▶ _Aim of the exercise_:
I would like the lines below, from the one with "protectie Display Apple" through the one with "Louis Vuitton Damier Graphite Mick PM", copied exactly and without any pictures.

▶ _Data excerpts_:

⁂

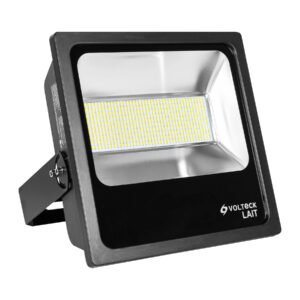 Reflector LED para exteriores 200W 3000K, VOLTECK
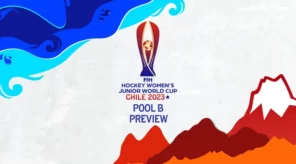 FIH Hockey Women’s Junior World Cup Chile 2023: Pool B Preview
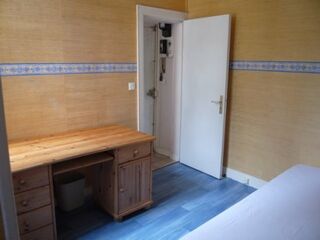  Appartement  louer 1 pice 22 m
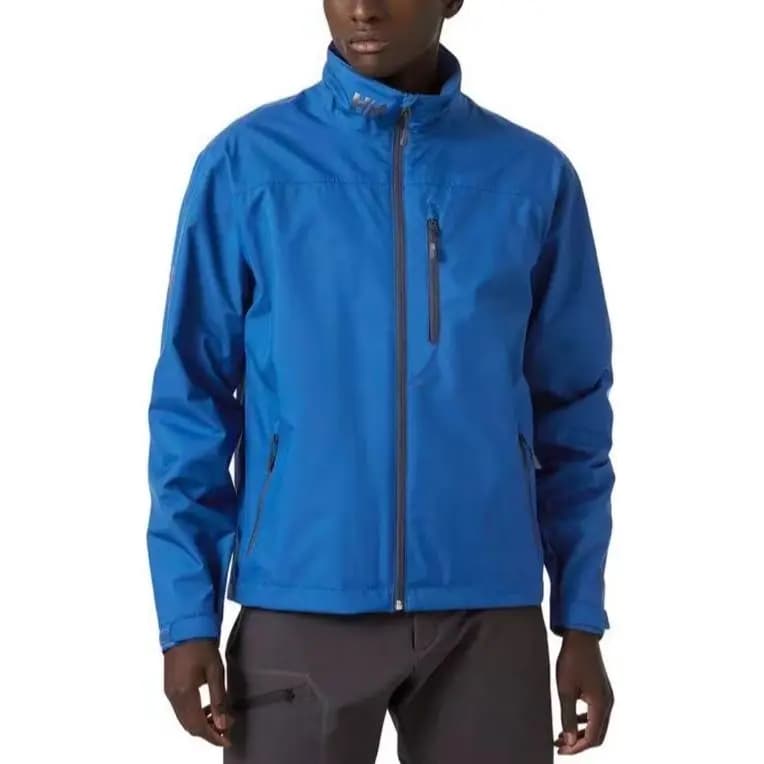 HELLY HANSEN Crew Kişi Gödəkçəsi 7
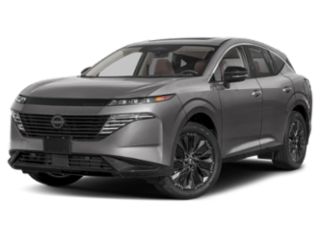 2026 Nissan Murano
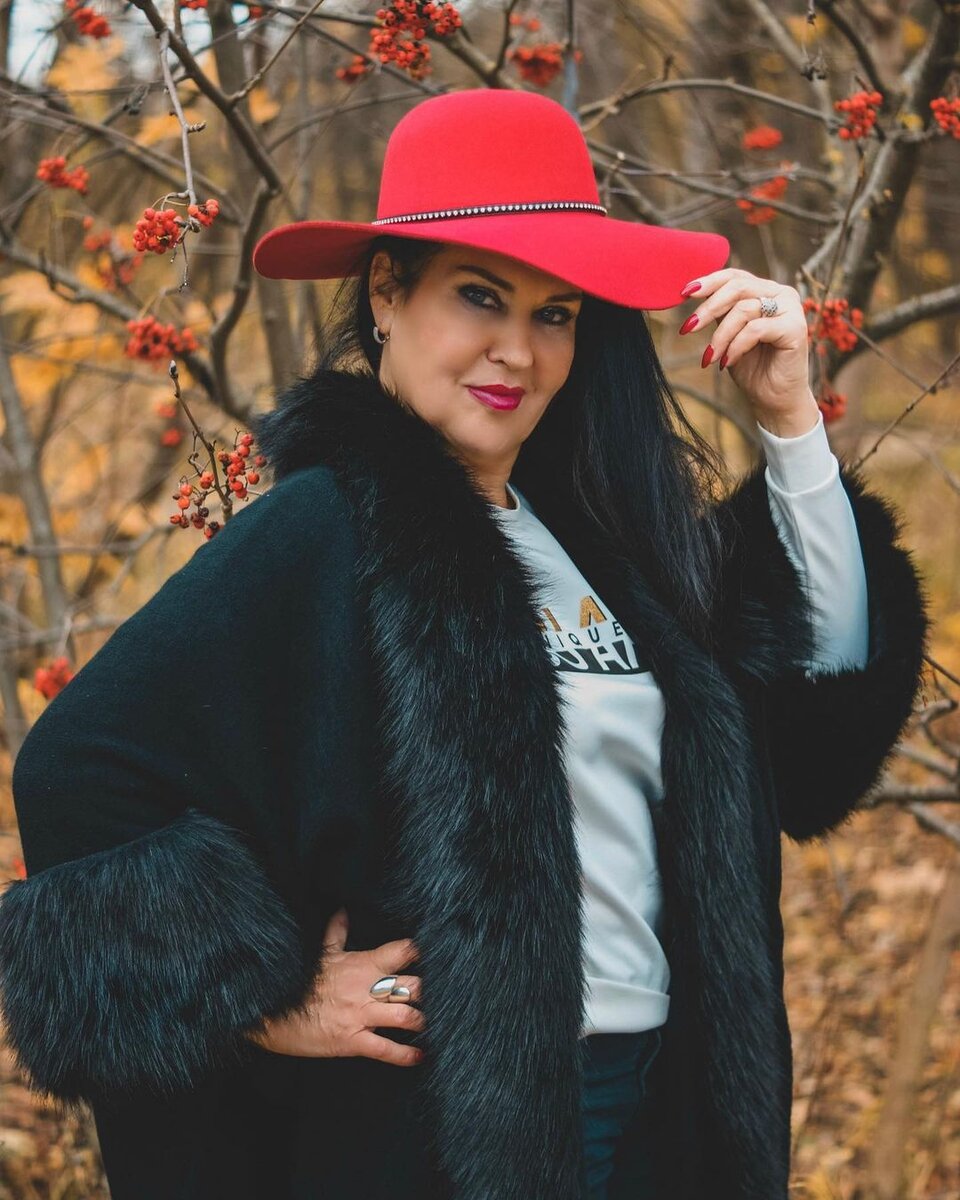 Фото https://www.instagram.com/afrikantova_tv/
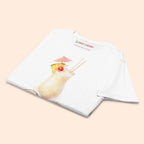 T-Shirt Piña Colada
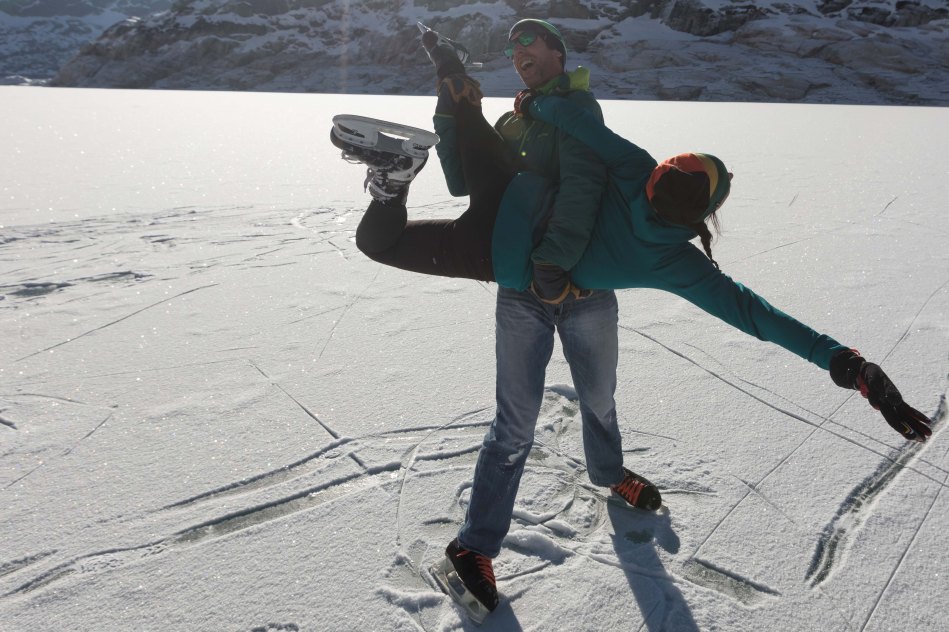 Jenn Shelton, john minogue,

⁂

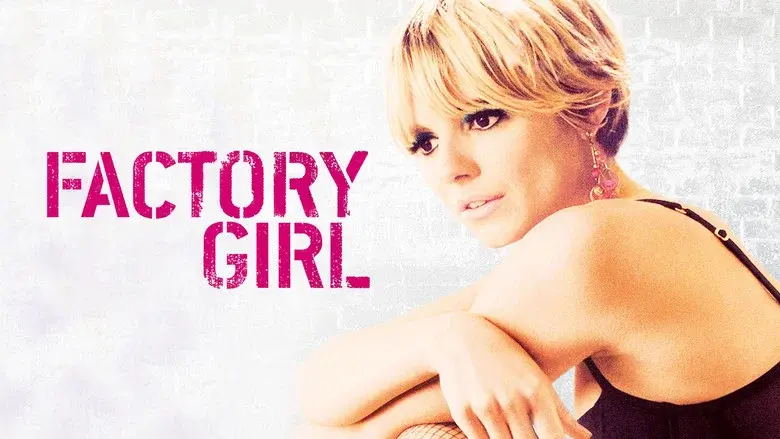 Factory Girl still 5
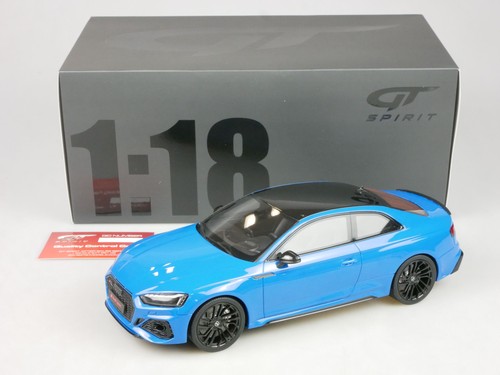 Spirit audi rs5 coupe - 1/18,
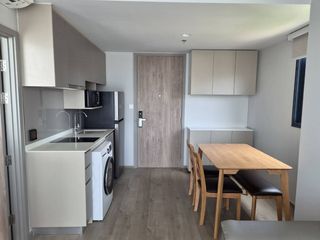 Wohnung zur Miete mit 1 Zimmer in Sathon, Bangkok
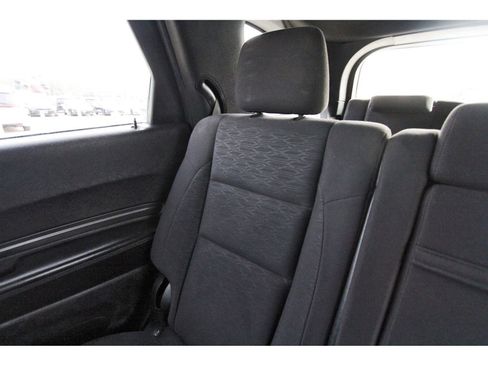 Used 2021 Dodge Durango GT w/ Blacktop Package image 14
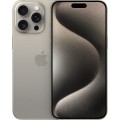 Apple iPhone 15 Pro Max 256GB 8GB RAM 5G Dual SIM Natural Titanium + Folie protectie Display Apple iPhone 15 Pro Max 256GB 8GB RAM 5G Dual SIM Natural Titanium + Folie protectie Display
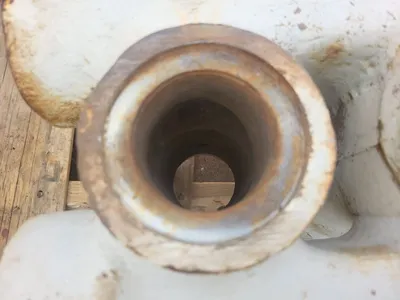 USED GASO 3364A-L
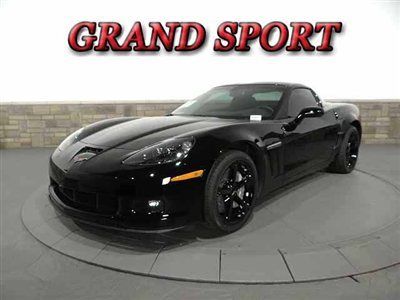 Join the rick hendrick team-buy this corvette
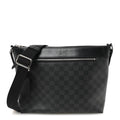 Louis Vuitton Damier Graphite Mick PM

⁂

▶ _Solution_:
 Apple iPhone 15 Pro Max 256GB 8GB RAM 5G Dual SIM Natural Titanium + Folie protectie Display Apple iPhone 15 Pro Max 256GB 8GB RAM 5G Dual SIM Natural Titanium + Folie protectie Display
 USED GASO 3364A-L
 Join the rick hendrick team-buy this corvette
 Louis Vuitton Damier Graphite Mick PM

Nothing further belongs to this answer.